According to the wise man, there are no coincidences. Around the time that C. K. Stead published his wonderfully witty and acerbic portrayal of the life of Judas came the news of the discovery of the lost Gospel according to that accursed Apostle. My Name Was Judas was the result of a poet and realist's efforts to look at the story of Jesus through the eyes of a contemporary sceptic, an elegy filled with poetry conveying Judas' confusion, loss of faith, and grief, and love for Jesus.

Judas, recalling his life and Jesus', four decades after the fateful events that sparked a new faith and condemned him to lasting infamy, sets before us the facts. He doesn't betray his oldest friend, not for three or for thirty pieces of silver; he remains faithful to Jesus to the end despite all his doubts; he, unlike the rest of the apostles, does not run away at Jesus' capture; he skewers the various untruths that become accepted as the Christian orthodoxy; and he shows that Jesus, far from having miraculous powers, was carried away by his own eloquence into believing he was the Son of God.

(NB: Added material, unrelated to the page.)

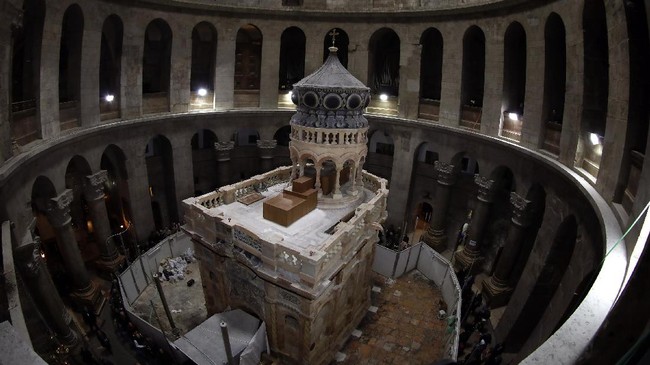 A picture taken at the Church of the Holy Sepulchre in Jerusalemís old city on March 20, 2017, shows the Edicule of the Tomb of Jesus (where his body is believed to have been laid). / AFP PHOTO / Gali TIBBON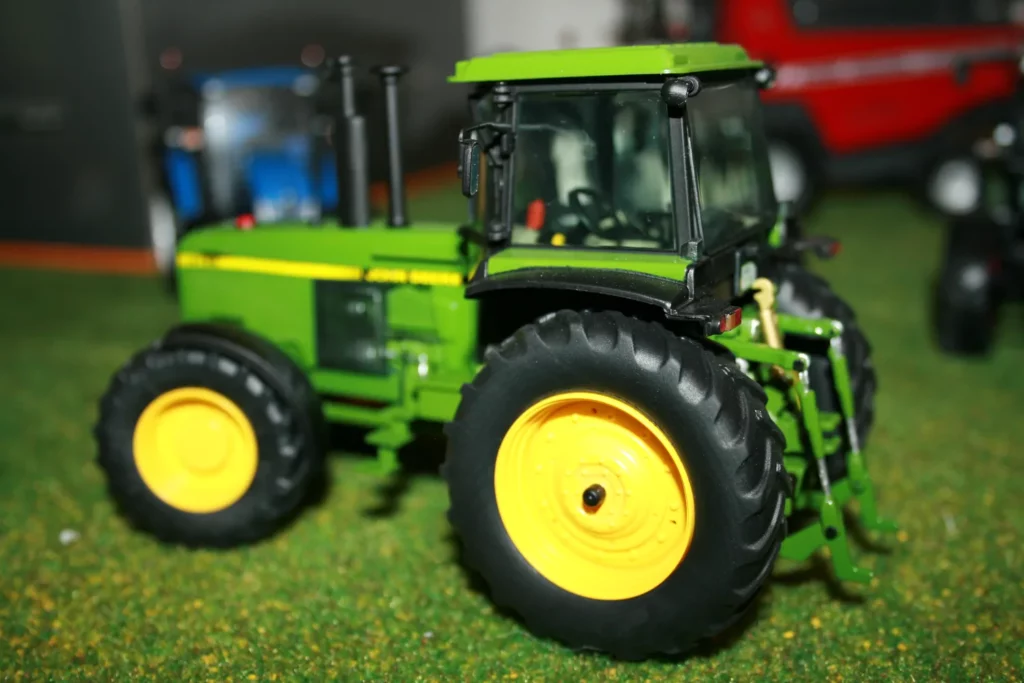 John Deere 4755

Stead has said that he was interested in exploring a messianic character as a non-believer. He 'thoroughly enjoyed the certain amount of ingenuity needed to account for the miracles. I see Judas as a much-maligned character, and in my novel he doesn't betray Christ literally. He simply doesn't believe in his divinity.' With his beautifully controlled prose and his deeply moving poetry, Stead has crafted a wonderful work. For the faithful, it may prove subversive and blasphemous. For everybody, the glory of Jesus and his life shines through, not at all diminished by the revelation of his humanity.